Image-text web data

Content starts

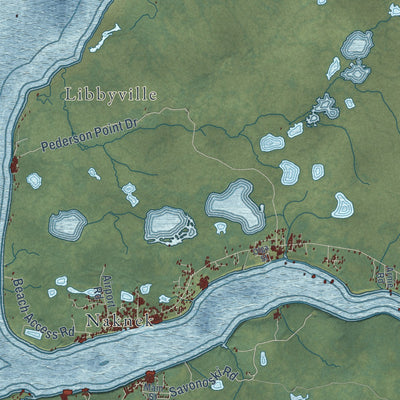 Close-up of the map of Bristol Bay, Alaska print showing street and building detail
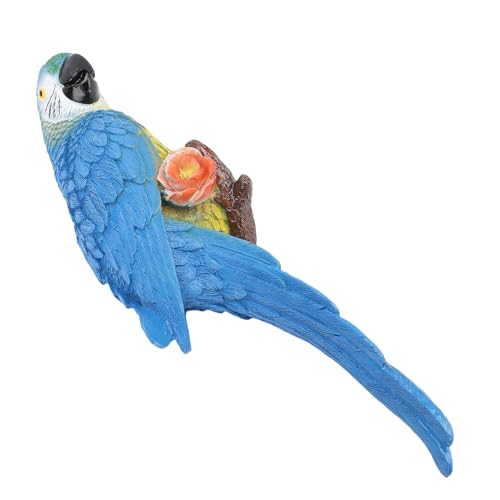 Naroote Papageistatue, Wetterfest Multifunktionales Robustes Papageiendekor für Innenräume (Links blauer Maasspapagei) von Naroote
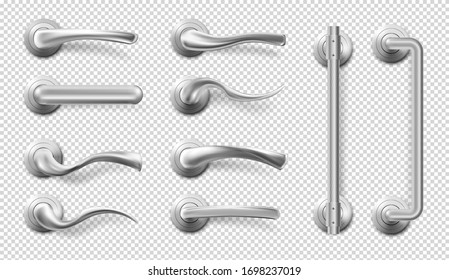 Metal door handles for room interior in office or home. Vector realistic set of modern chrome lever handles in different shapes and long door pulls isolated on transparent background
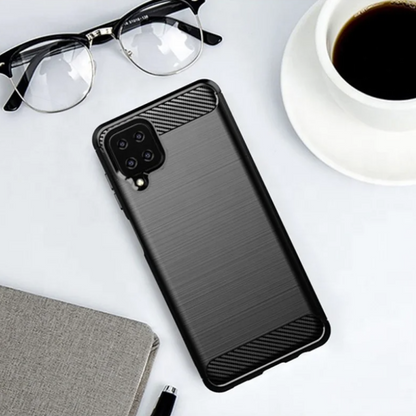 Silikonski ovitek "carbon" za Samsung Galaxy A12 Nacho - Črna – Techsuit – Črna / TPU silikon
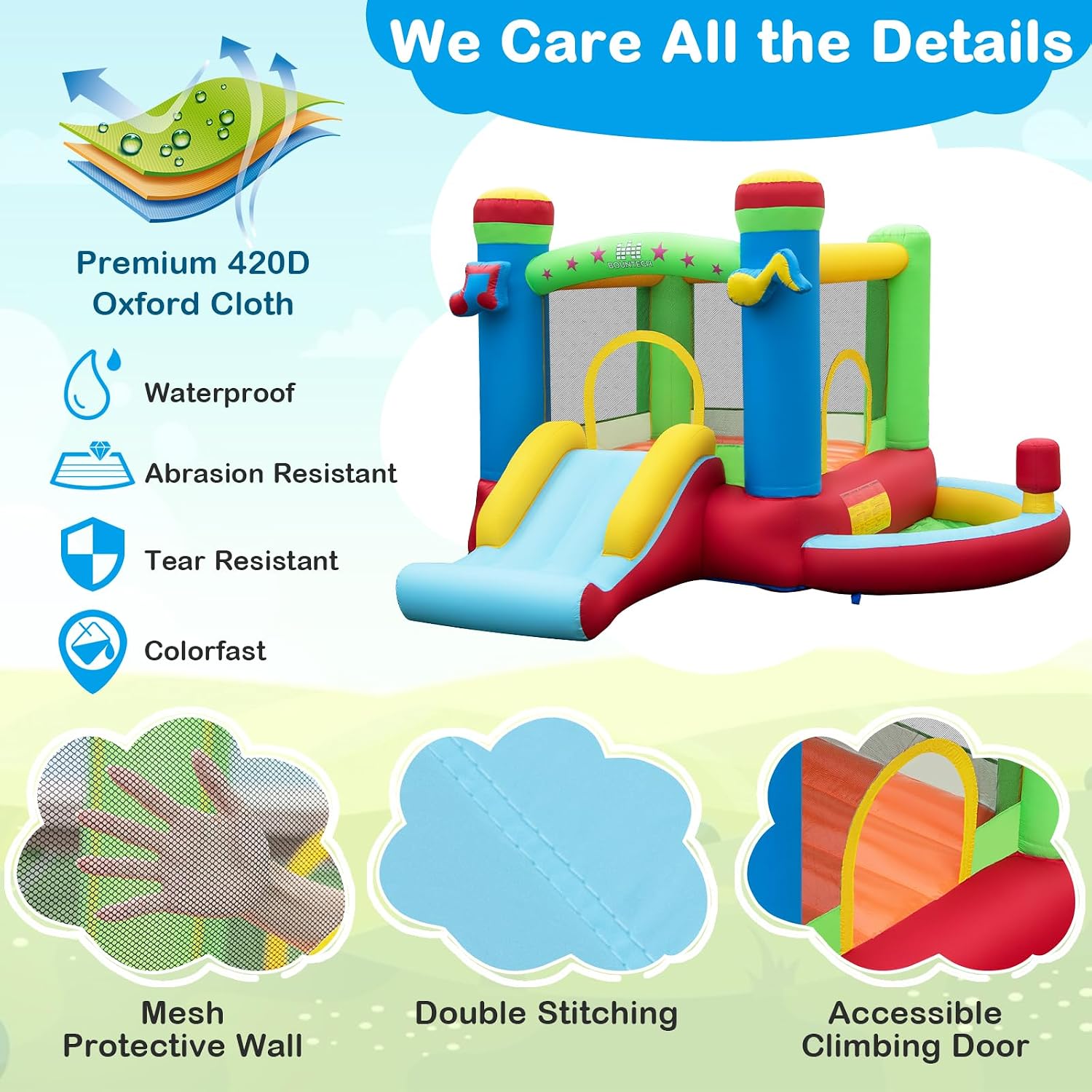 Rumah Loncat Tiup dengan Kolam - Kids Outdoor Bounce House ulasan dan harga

Content ends

Instructions for the task: Your task is to return the lines above, from the first one up to and including the line containing "Naroote Papageistatue, Wetterfest", minus any pictures.

Your solution:
 Close-up of the map of Bristol Bay, Alaska print showing street and building detail
 Naroote Papageistatue, Wetterfest Multifunktionales Robustes Papageiendekor für Innenräume (Links blauer Maasspapagei) von Naroote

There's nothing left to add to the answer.